§ **Goal of the exercise**:
Beginning with the first line below, output every record verbatim and leave out the images.

────

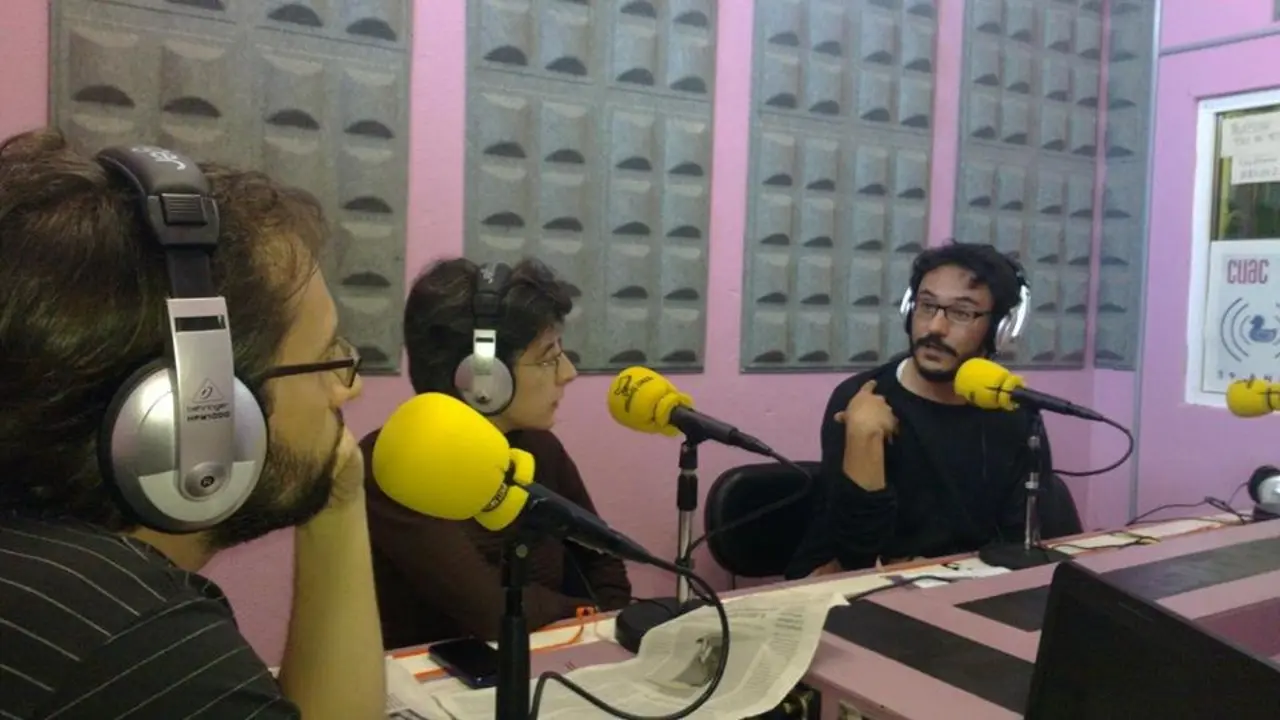 Estudios de CUAC FM en A Coruña. / sabelabranco.com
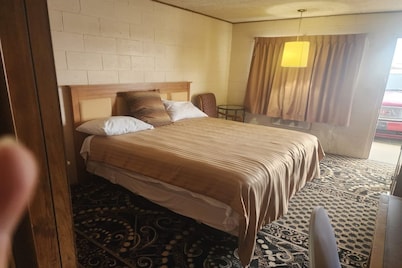 King Bed|Non-Smoking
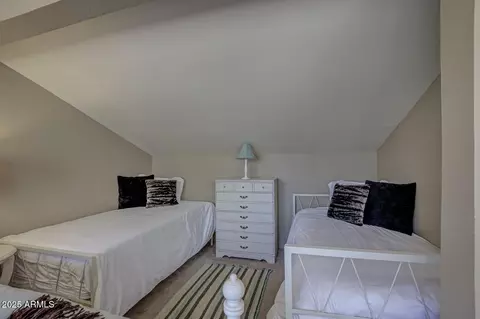 Bedroom - 9167 N Circle Dr S, Pine, AZ 85544 photo 6 of 6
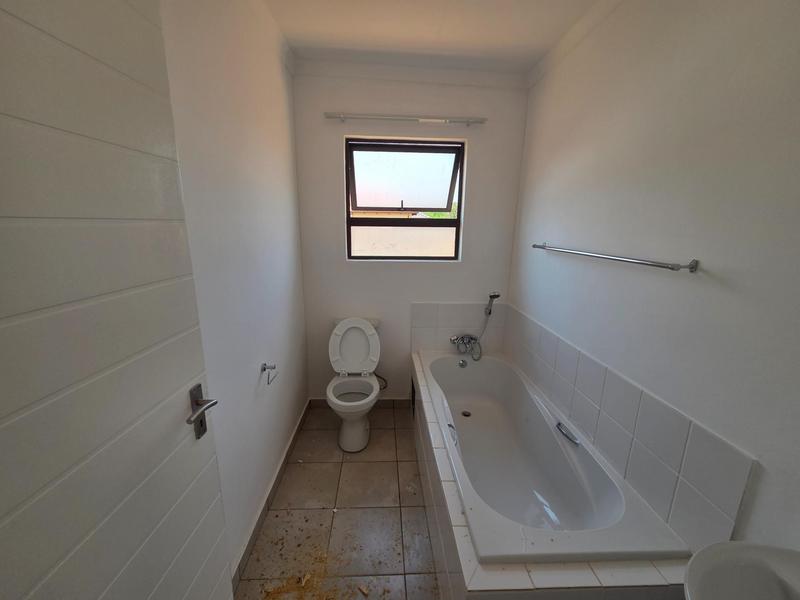 3 Bedroom Property for Sale in Windmill Park Gauteng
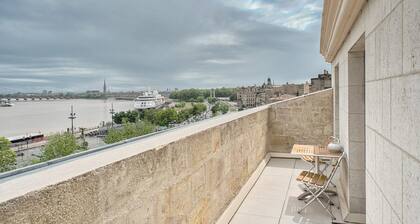 Historic center, a terrace over the city and the river, lift, A/C, parking.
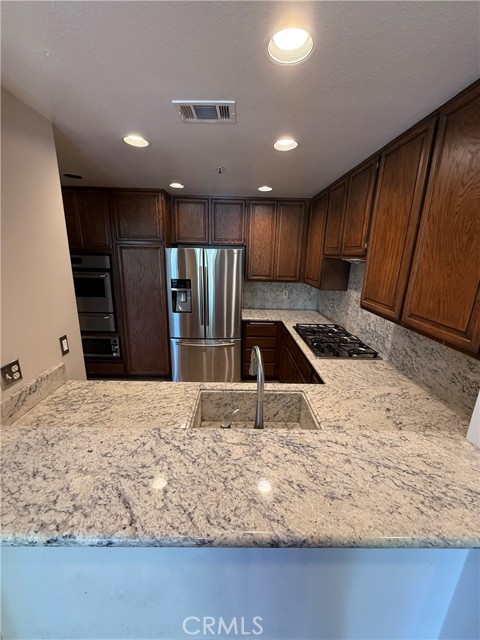 MLS #OC25246109 image #4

────

§ **Result of the exercise**:
 Estudios de CUAC FM en A Coruña. / sabelabranco.com
 King Bed|Non-Smoking
 Bedroom - 9167 N Circle Dr S, Pine, AZ 85544 photo 6 of 6
 3 Bedroom Property for Sale in Windmill Park Gauteng
 Historic center, a terrace over the city and the river, lift, A/C, parking.
 MLS #OC25246109 image #4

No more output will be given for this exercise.